*Assignment*
Every line of the material is to be quoted verbatim, minus the pictures.

*The data*
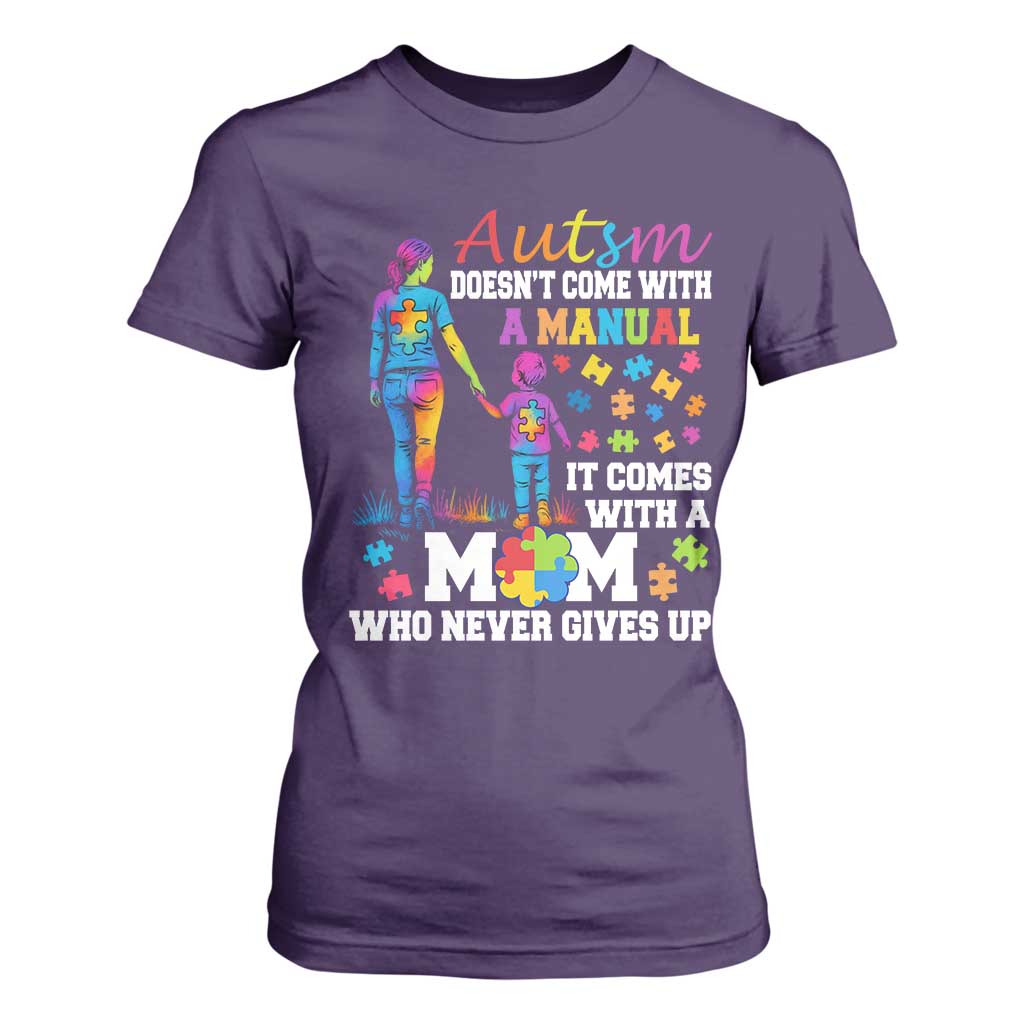Autism Mom T Shirt For Women Who Never Gives Up Family Support Autistic TS02 Purple Print Your Wear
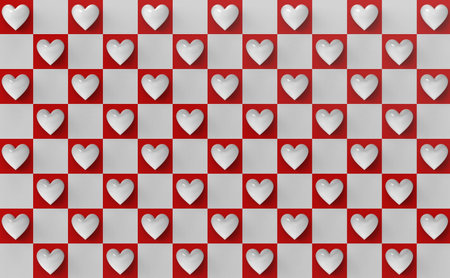 3D rendering of wallpaper and texture. Top view pattern of heap of white glossy hearts on red squares in chess orderの写真素材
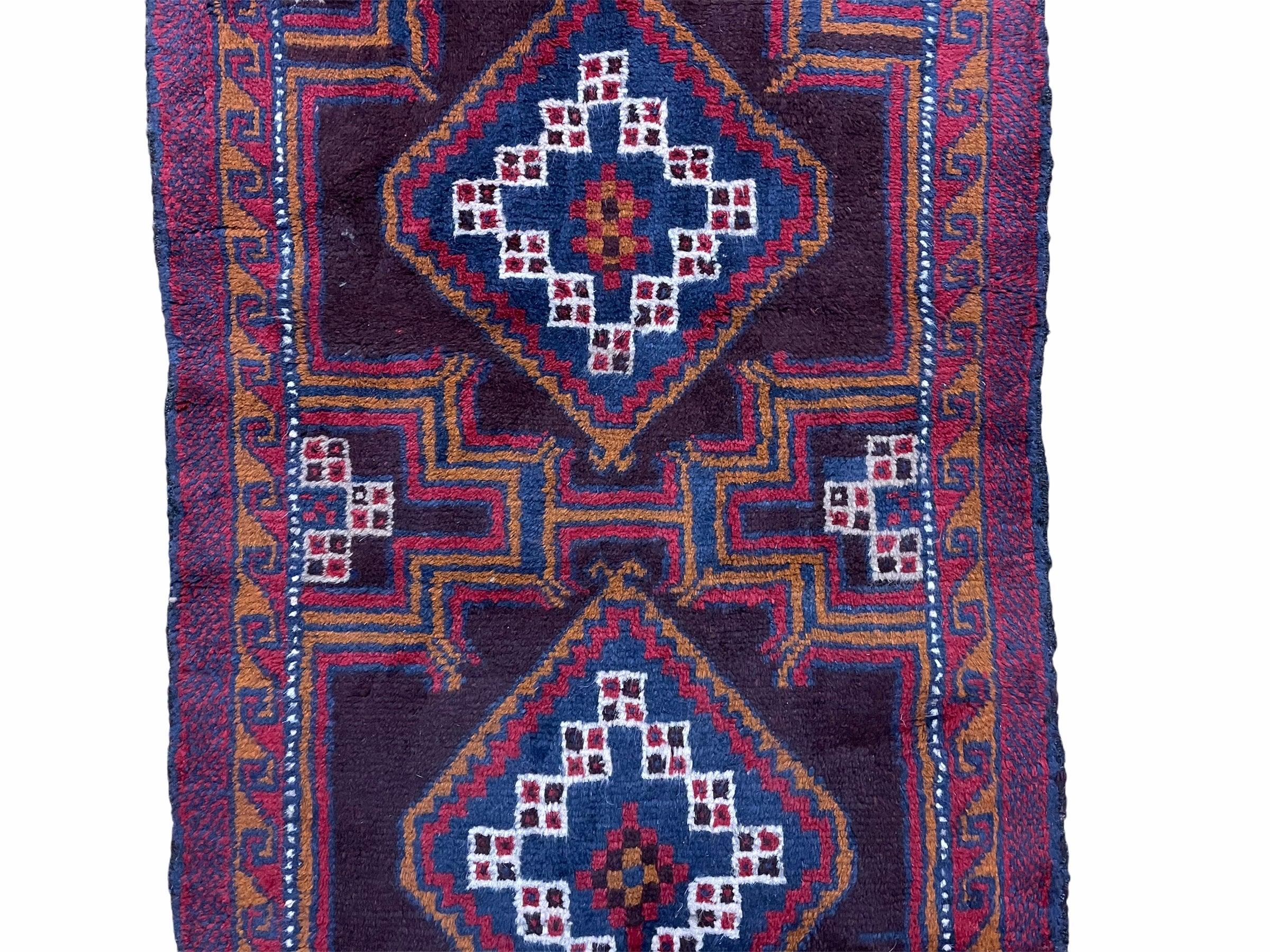 3 X 4.4 Vintage Handmade Tribal Wool Rug Baluchi Rug Afghan Rug Purple Blue Nice - Jewel Rugs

*Task output*
Autism Mom T Shirt For Women Who Never Gives Up Family Support Autistic TS02 Purple Print Your Wear
 3D rendering of wallpaper and texture. Top view pattern of heap of white glossy hearts on red squares in chess orderの写真素材
 3 X 4.4 Vintage Handmade Tribal Wool Rug Baluchi Rug Afghan Rug Purple Blue Nice - Jewel Rugs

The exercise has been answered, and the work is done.